SEOSEO News

Fixing Sitemap Errors For Better Indexing of Submitted URLs


So you just created a sitemap and submitted it to Google. Congratulations! But wait, your sitemap status isn’t a Success. On the other hand, maybe your sitemap report looks good, but after checking the Page Indexing report, Google appears to have ignored your polite request and won’t index a good chunk of the pages from your sitemap. Now you’re wondering if there’s something you can do to improve your indexing stats. 

Look no further because you’ll find all your answers in this post.

If you don’t yet have a sitemap and want to learn how to make one that shines, take a look at our introductory sitemapping crash course.

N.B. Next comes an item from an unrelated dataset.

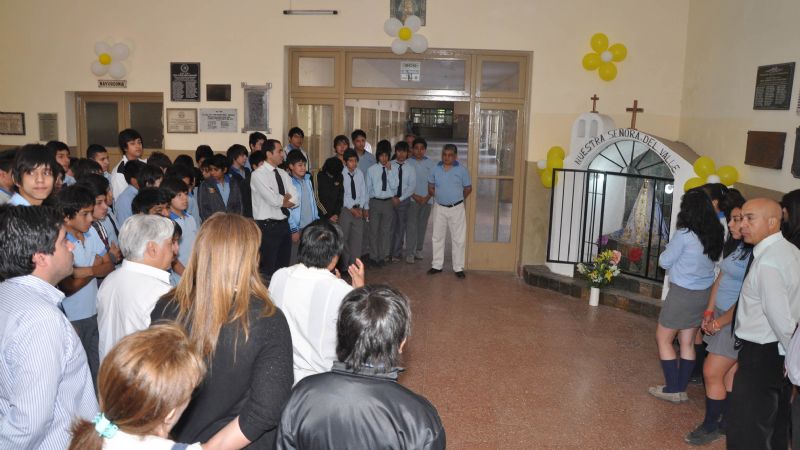 La Virgen visitó la ENET N° 1 y el Banco Nación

You’ll learn all about the benefits of having a sitemap and discover several sitemap best practices. It’s important to consult a guide anyway, especially if you don’t yet know what <loc> and <lastmod> tags are used for, or if you’re still unfamiliar with video sitemaps or sitemap index files.

The first part of this post lists all the potential errors you may encounter in your Google Search Console’s Sitemaps report. If you’re working on troubleshooting issues, you can use a table of contents to navigate to the errors you are focused on. 

The second chapter of this post features insights to help you make the most of your sitemap. These insights include:

  • How to find trash pages in your sitemap.
  • Where to find missing pages that you may have failed to include in your sitemap file.
  • How to encourage Google to index more of your sitemap pages. 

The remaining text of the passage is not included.